To say they lost because of one play or player in particular would be foolish. That said, one specific decision did have massive ramifications on the outcome.
Pablo Lopez befuddled Astros hitters through the first four innings. Jeremy Peña stepped into the box to lead off the bottom of the fifth and laced a double off the left field wall, narrowly missing his first home run since July 5.
Peña also led off the third with a single, but was wiped out on a double play after Dusty Baker decided not to have Maldy bunt Peña over, and then didn't send him in a 3-2 count.
The Astros couldn't afford to squander another scoring chance. They were already trailing 5-0, and after combusting on the mound, Framber Valdez was out of the game.
Dusty Baker's blunder cost the Astros dearly in the ALDS
With a runner on second and the top of the order coming up in short order, the Astros nine-hitter was due up. Just one day prior the Astros had seen the Twins turn a 5-0 deficit into a one-run game in the blink of an eye.
Dusty Baker had a decision to make: does he send Maldy to the plate or does he pinch hit Yainer Diaz to try and get the Astros back into this one?

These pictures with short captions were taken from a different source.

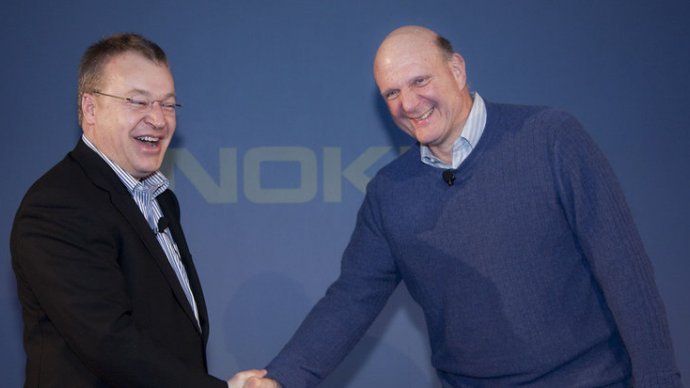 Stephen Elop og Steve Ballmer i forbindelse med oppkjøpet i 2013.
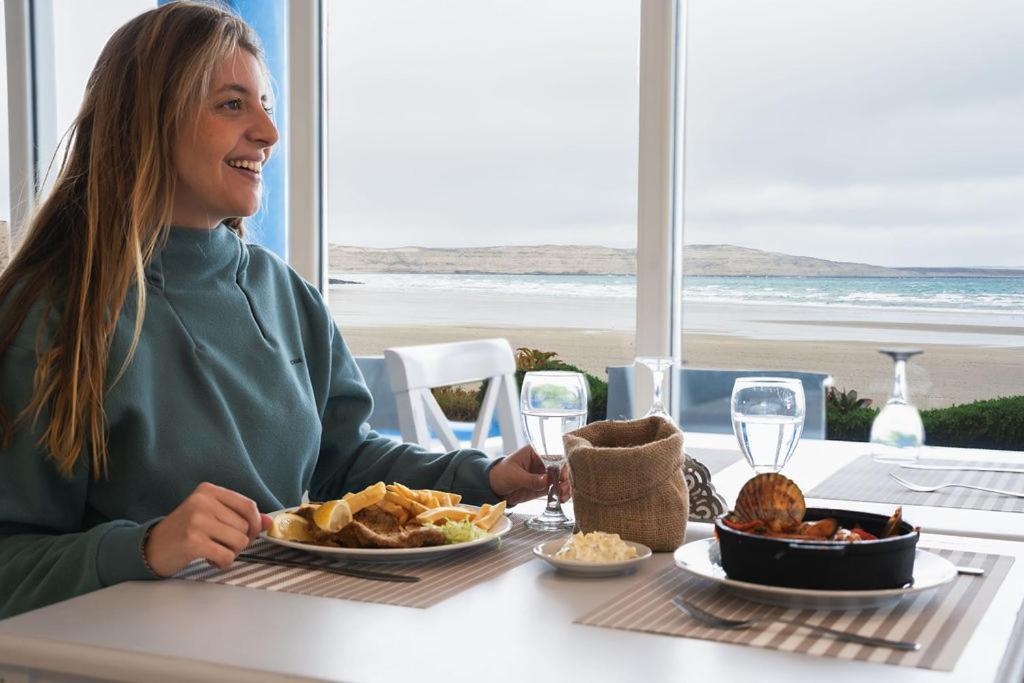 Rayentray Las Restingas Hotel De Mar Puerto Pirámides エクステリア 写真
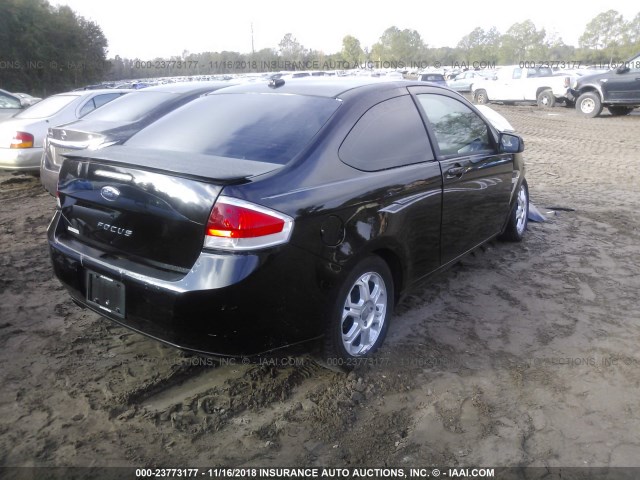 1FAHP33N68W117328 - 2008 FORD FOCUS SE/SEL/SES BLACK photo 4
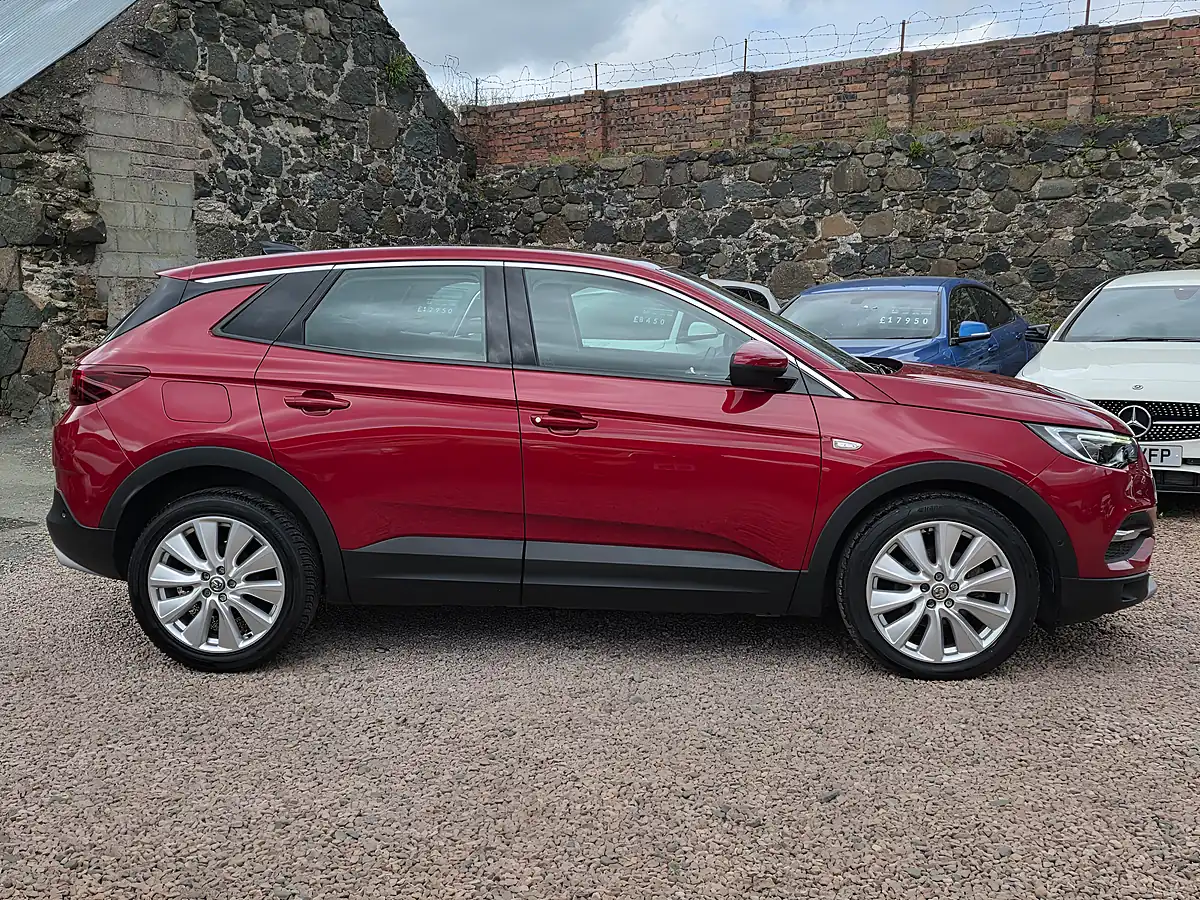 Used 2020 Vauxhall Grandland X Elite Nav Dark Ruby Red Metallic - Interior and Exterior details 20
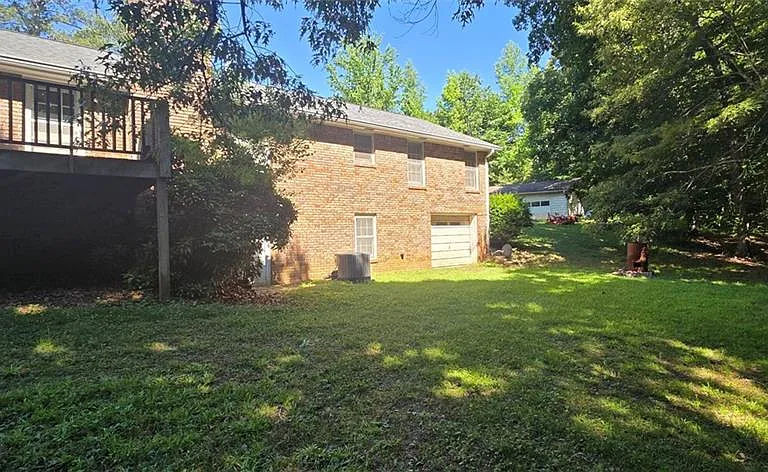 1132 Shoal Creek Rd — Photo 43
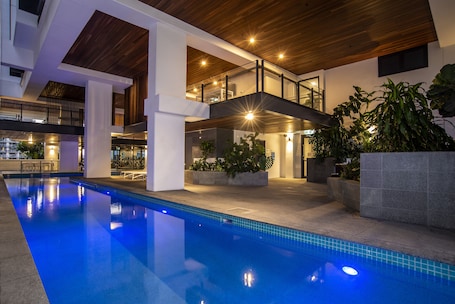 Una piscina al aire libre (de 06:00 a 22:00), tumbonas. Hope Street Apartments by CLLIX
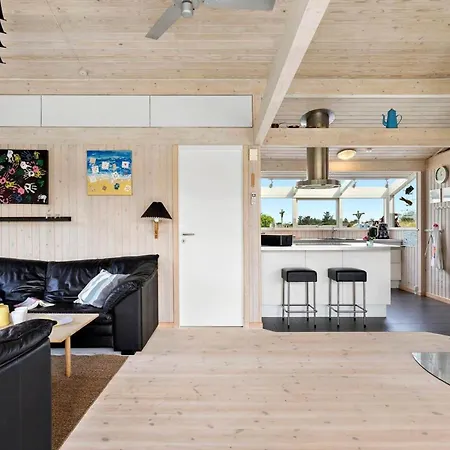 Tv1674-bindslev-klitrosevej-17 *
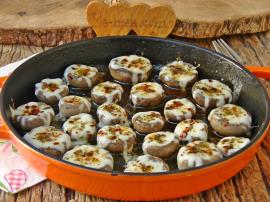 Tavada Kaşarlı Mantar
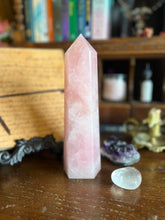 Load image into Gallery viewer, Rose Quartz Tower 1.2 kg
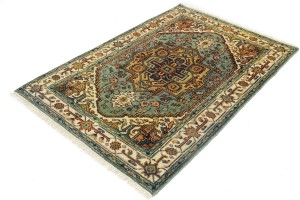Light Blue-gray Geometric 4X6 Heriz Serapi Oriental Rug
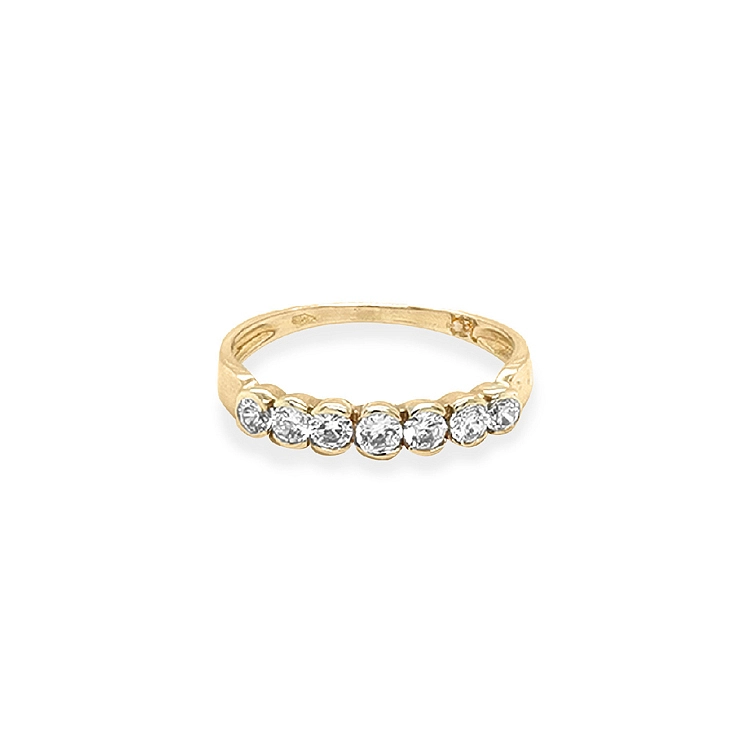 Nhẫn vàng đính đá zircon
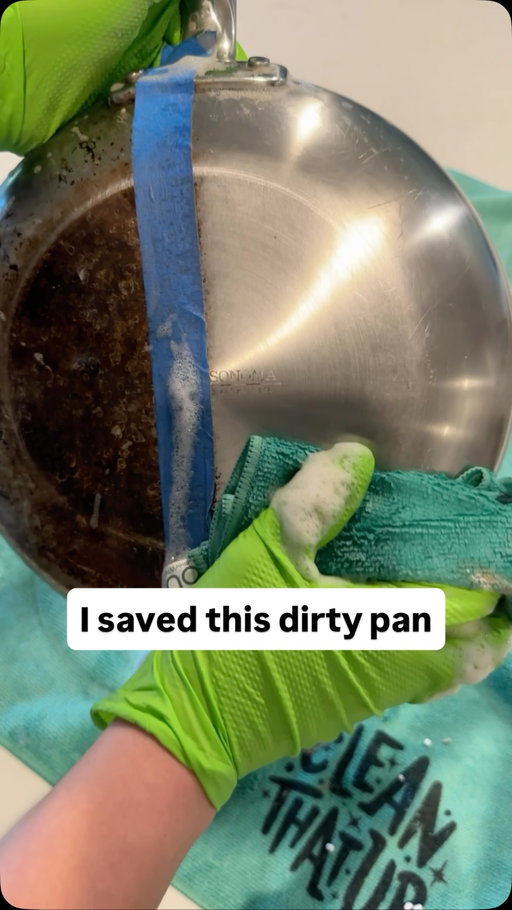 The second I found this super dirty pan at the thrift shop I knew I had to save it. 

Products used: @barkeepersfriend powder cleanser / @scrubdaddy / Clean That Up microfiber towels.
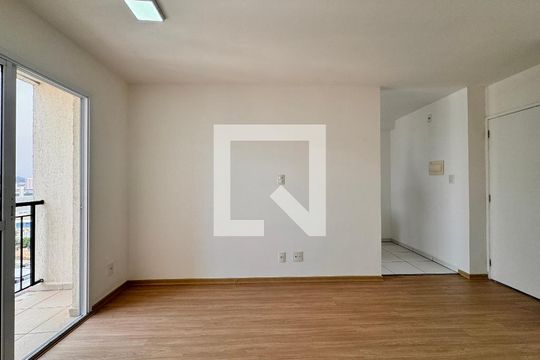 Sala de apartamento para alugar com 2 quartos, 48m² em Parque João Ramalho, Santo André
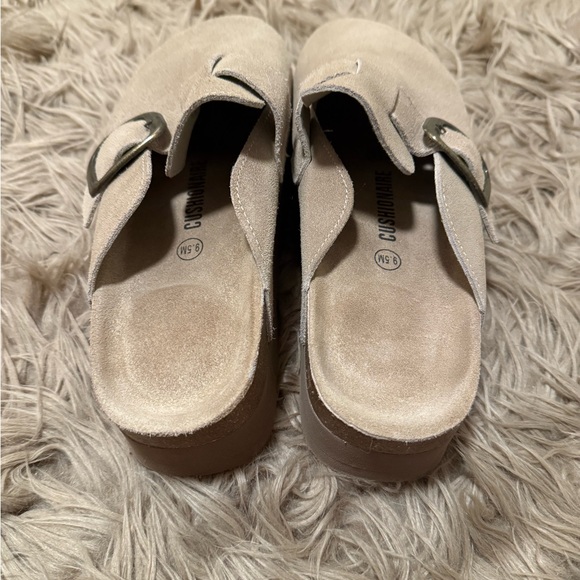 Women’s - Picture 2 of 4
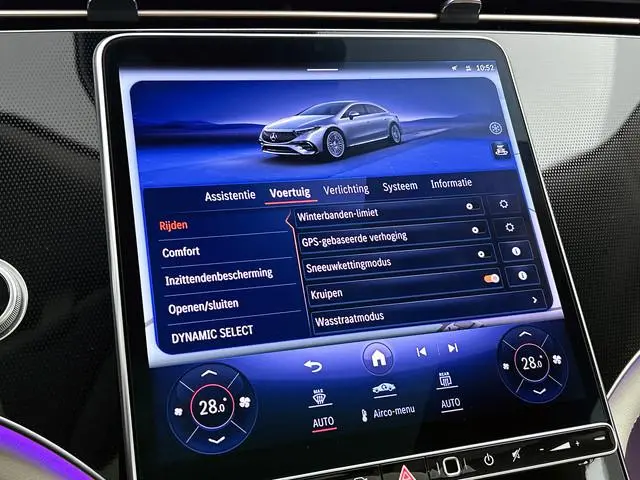 Mercedes-Benz EQS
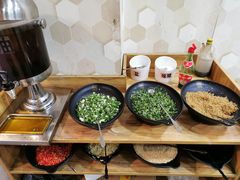 -金鼎雪山牦牛杂火锅(理县总店)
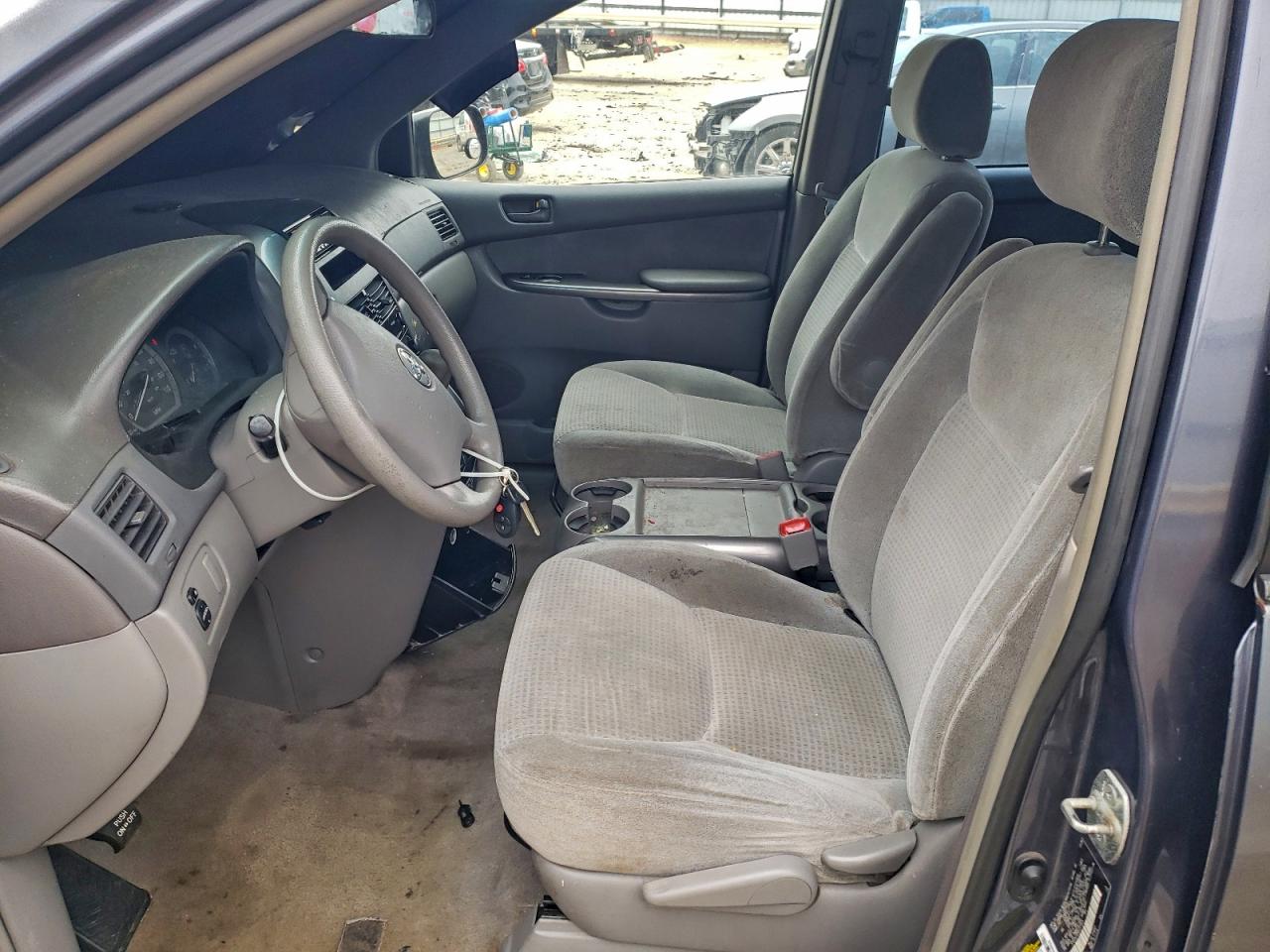 Toyota Sienna Ce Image 6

If Diaz strikes an extra-base hit, the Astros top of the order comes up threatening and Rocco Baldelli likely has to get some action going in the bullpen. It feels like a no-brainer. Sadly, it doesn't appear Baker even gave the decision a thought.
The Maldonado vs. Diaz debate is useless at this point. No matter what is said, done, or pointed out, right, wrong, or otherwise, Maldy is going to catch the majority of the starting staff.
That said, there is simply zero reason for Maldy to step into the box in the fifth.
The starter who demands he catch was out of the game. The deficit was already five, so what does it matter if the pitching staff is comfortable if you don't score any runs to erase the lead. And Yainer Diaz hit .332 with a .931 OPS against righties in 2023. Maldy hit an unfathomably bad .175 with a .538 OPS against righties.
If Houston had any aspirations of getting back into that game, they couldn't squander that chance. You have to at least break the seal.
But because Dusty "doesn't panic," or maybe because he has always resented young talent, Diaz continued getting splinters in his backside while Pablo Lopez made light work of the Astros catcher.
Jose Altuve and Alex Bregman were then retired in short order.
Does sending Yainer to the plate guarantee a hit? No. Should Altuve and Bregman have been able to at least get Peña home? Yes. Do either of those truths change how indefensible the choice was? Not hardly.
If Diaz can get to Lopez, there's a chance for the big inning that so often wins playoff baseball games. Instead, the Astros manager managed like it was a meaningless Spring Training game. It's hard to expect him to do otherwise when he managed all season with less than zero urgency.
Meanwhile, Rocco Baldelli pinch hit for Kyle Farmer in the top of the 7th. Farmer had already struck the two-run bomb off of Valdez that broke the game open, and the Twins had a five-run lead. Still, Baldelli managed with urgency and knows Kyle Farmer struggles against righties.
He sent Edouard Julien to the dish, and Julien struck a single off of Rafael Montero that extended the Twins lead to six. Baldelli held a five-run lead, looked at the opposing lineup, and hunted more runs.
The Twins and their manager were rewarded for their urgency and desire to win a baseball game. It would be nice if Houston's even pretended to share that same desire.